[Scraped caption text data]
▽

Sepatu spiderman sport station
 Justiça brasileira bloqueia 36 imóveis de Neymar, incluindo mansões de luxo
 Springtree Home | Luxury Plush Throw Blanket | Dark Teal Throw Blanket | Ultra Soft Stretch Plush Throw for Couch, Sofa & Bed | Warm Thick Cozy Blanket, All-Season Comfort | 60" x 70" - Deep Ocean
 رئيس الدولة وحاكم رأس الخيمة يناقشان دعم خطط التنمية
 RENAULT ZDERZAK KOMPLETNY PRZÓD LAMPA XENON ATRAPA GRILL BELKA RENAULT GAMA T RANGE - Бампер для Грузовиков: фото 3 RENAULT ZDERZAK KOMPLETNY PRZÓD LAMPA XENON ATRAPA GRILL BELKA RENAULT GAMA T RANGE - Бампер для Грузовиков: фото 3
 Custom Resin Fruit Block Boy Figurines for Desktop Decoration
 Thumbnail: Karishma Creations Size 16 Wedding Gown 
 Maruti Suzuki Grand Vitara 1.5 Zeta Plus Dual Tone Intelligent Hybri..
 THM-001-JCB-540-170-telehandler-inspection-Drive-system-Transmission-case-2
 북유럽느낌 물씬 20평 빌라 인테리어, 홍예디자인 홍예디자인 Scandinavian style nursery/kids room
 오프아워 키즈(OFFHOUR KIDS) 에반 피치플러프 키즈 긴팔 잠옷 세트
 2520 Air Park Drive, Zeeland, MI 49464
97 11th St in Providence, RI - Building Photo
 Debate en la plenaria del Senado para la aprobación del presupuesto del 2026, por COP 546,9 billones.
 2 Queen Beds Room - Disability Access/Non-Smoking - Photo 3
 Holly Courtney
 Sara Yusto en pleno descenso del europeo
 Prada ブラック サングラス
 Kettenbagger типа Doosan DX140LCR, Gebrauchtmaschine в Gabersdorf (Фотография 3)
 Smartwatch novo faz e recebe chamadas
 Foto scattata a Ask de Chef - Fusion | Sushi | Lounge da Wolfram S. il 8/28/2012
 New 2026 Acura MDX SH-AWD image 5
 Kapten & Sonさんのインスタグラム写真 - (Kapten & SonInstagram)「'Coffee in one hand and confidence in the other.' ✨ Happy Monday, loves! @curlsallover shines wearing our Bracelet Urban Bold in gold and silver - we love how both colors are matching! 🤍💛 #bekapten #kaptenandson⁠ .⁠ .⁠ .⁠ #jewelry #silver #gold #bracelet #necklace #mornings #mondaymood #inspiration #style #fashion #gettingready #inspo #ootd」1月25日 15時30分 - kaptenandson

△

Could you restate, word for word, the lines above from the one with "Custom Resin Fruit" to the one with "New 2026 Acura MDX SH-AWD image 5", both included?

## Response
 Custom Resin Fruit Block Boy Figurines for Desktop Decoration
 Thumbnail: Karishma Creations Size 16 Wedding Gown 
 Maruti Suzuki Grand Vitara 1.5 Zeta Plus Dual Tone Intelligent Hybri..
 THM-001-JCB-540-170-telehandler-inspection-Drive-system-Transmission-case-2
 북유럽느낌 물씬 20평 빌라 인테리어, 홍예디자인 홍예디자인 Scandinavian style nursery/kids room
 오프아워 키즈(OFFHOUR KIDS) 에반 피치플러프 키즈 긴팔 잠옷 세트
 2520 Air Park Drive, Zeeland, MI 49464
97 11th St in Providence, RI - Building Photo
 Debate en la plenaria del Senado para la aprobación del presupuesto del 2026, por COP 546,9 billones.
 2 Queen Beds Room - Disability Access/Non-Smoking - Photo 3
 Holly Courtney
 Sara Yusto en pleno descenso del europeo
 Prada ブラック サングラス
 Kettenbagger типа Doosan DX140LCR, Gebrauchtmaschine в Gabersdorf (Фотография 3)
 Smartwatch novo faz e recebe chamadas
 Foto scattata a Ask de Chef - Fusion | Sushi | Lounge da Wolfram S. il 8/28/2012
 New 2026 Acura MDX SH-AWD image 5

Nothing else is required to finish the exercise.